▶ WHAT IS BEING ASKED
If an entry below contains an image, drop the image and retype the rest exactly.

(Dataset records)

━━━━━━━━

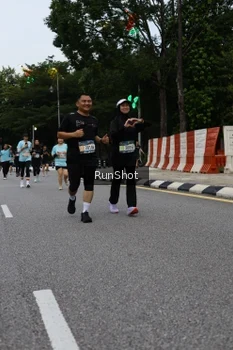 Runner Photo 4299673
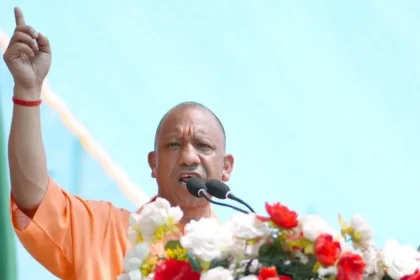 up-fasal-bima-yojana-122-crore-kshatipoorti-yogi-sarkar-4-may-2026-hindi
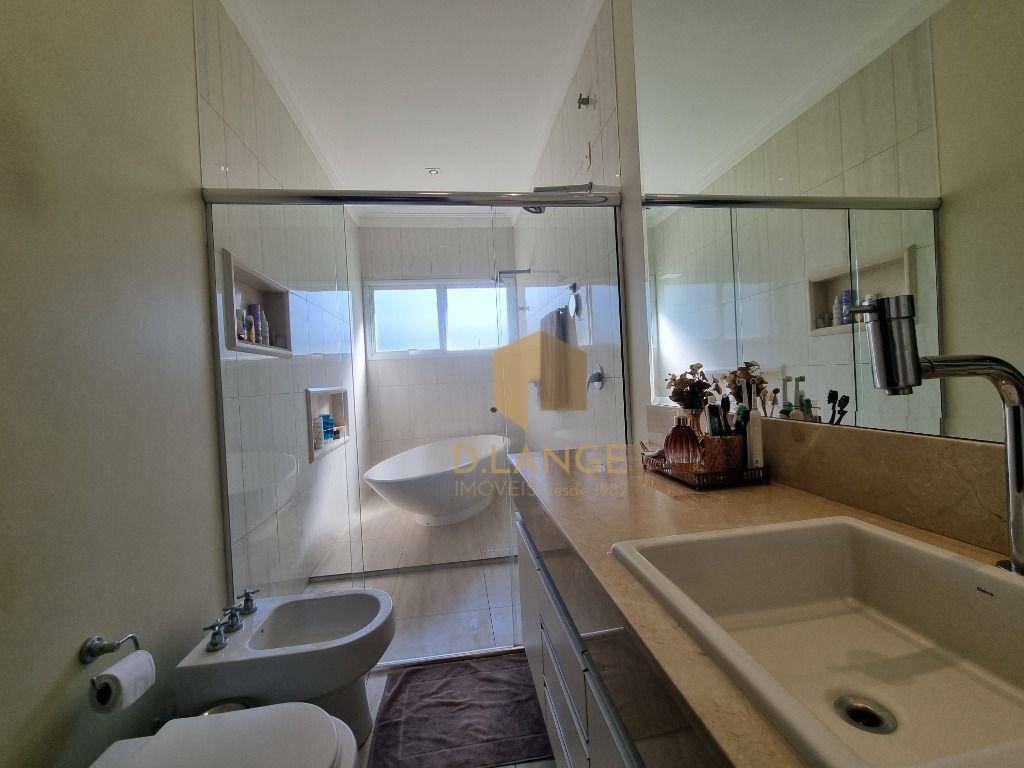 Casa de Condomínio à venda com 3 quartos, 390m² - Foto 38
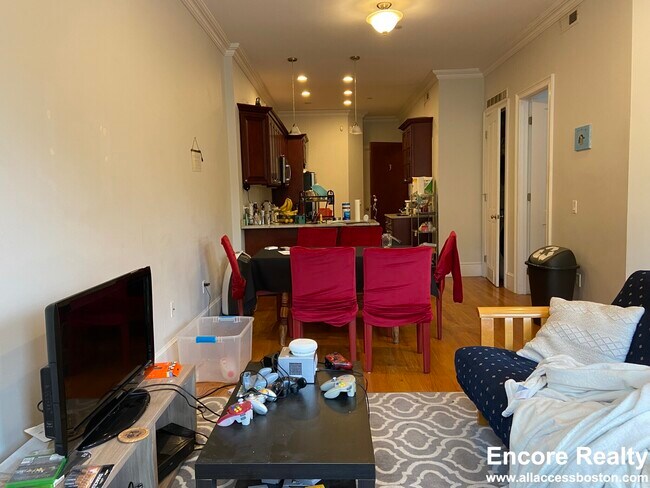1089 Beacon St unit 9, Brookline, MA 02446 - photo 4
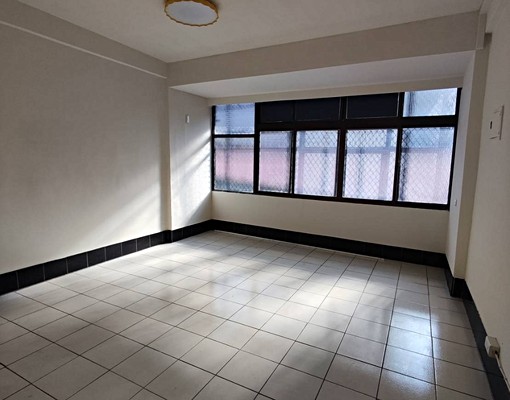 西區sogo整棟透天/科博館活路靜巷/超大空間2房1廳2衛 - Image 1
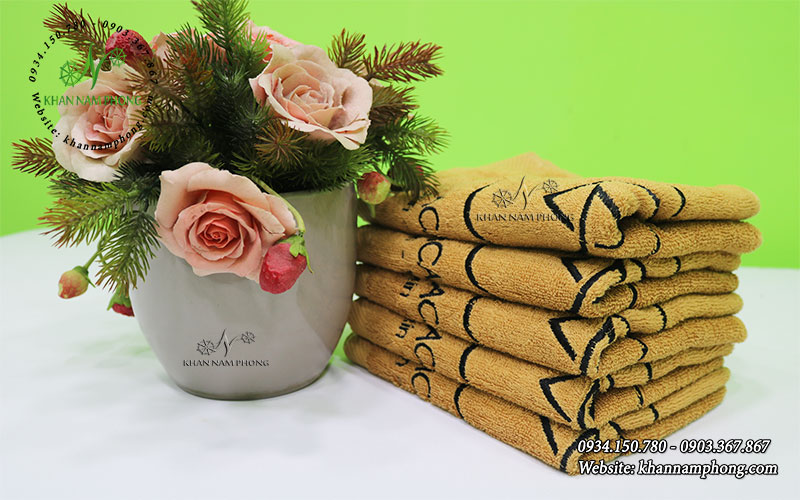 Khăn Quấn Tóc Spa Cotton Cao Cấp Màu Nâu Nhạt Thêu Logo Beauty Academy - KT 34x80cm Khăn Quấn Tóc Spa Cotton Cao Cấp Màu Nâu Nhạt Thêu Logo Beauty Academy - KT 34x80cm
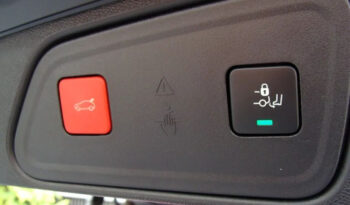 Peugeot 3008 1.5 BlueHDi GT S&S full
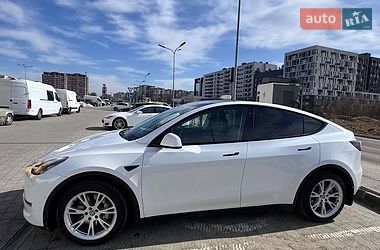 Внедорожник / Кроссовер Tesla Model Y 2021 в Львове
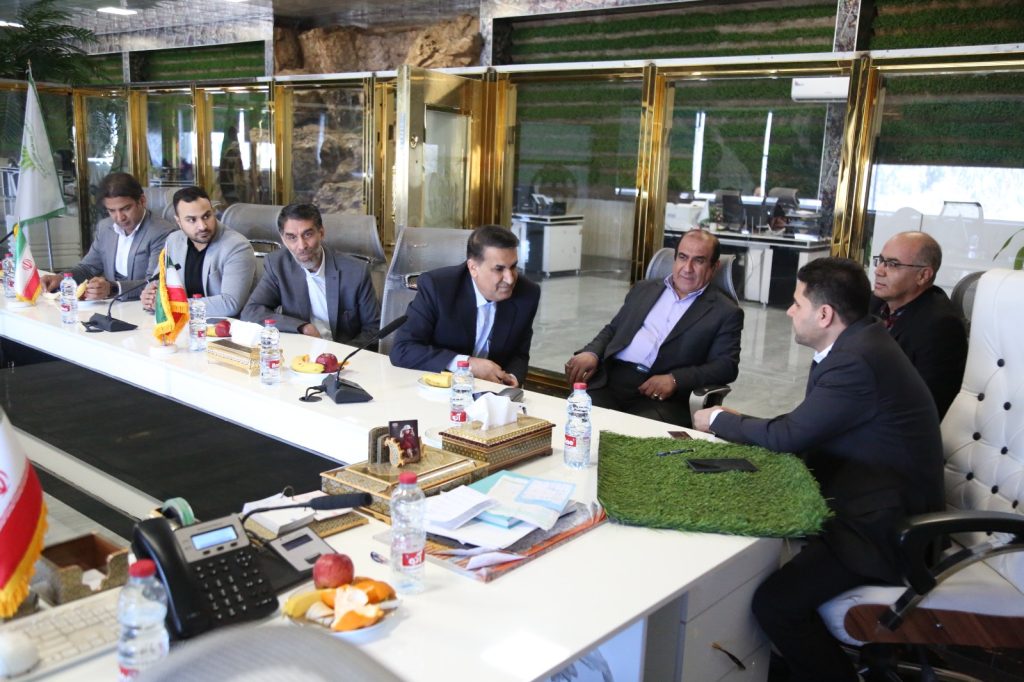 بازدید جناب آقای دکتر مسعود زادهباقری مدیر عامل محترم موسسه از کارخانهٔ قصر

━━━━━━━━

▶ EXERCISE SOLUTION
 Runner Photo 4299673
 up-fasal-bima-yojana-122-crore-kshatipoorti-yogi-sarkar-4-may-2026-hindi
 Casa de Condomínio à venda com 3 quartos, 390m² - Foto 38
1089 Beacon St unit 9, Brookline, MA 02446 - photo 4
 西區sogo整棟透天/科博館活路靜巷/超大空間2房1廳2衛 - Image 1
 Khăn Quấn Tóc Spa Cotton Cao Cấp Màu Nâu Nhạt Thêu Logo Beauty Academy - KT 34x80cm Khăn Quấn Tóc Spa Cotton Cao Cấp Màu Nâu Nhạt Thêu Logo Beauty Academy - KT 34x80cm
 Peugeot 3008 1.5 BlueHDi GT S&S full
 Внедорожник / Кроссовер Tesla Model Y 2021 в Львове
 بازدید جناب آقای دکتر مسعود زادهباقری مدیر عامل محترم موسسه از کارخانهٔ قصر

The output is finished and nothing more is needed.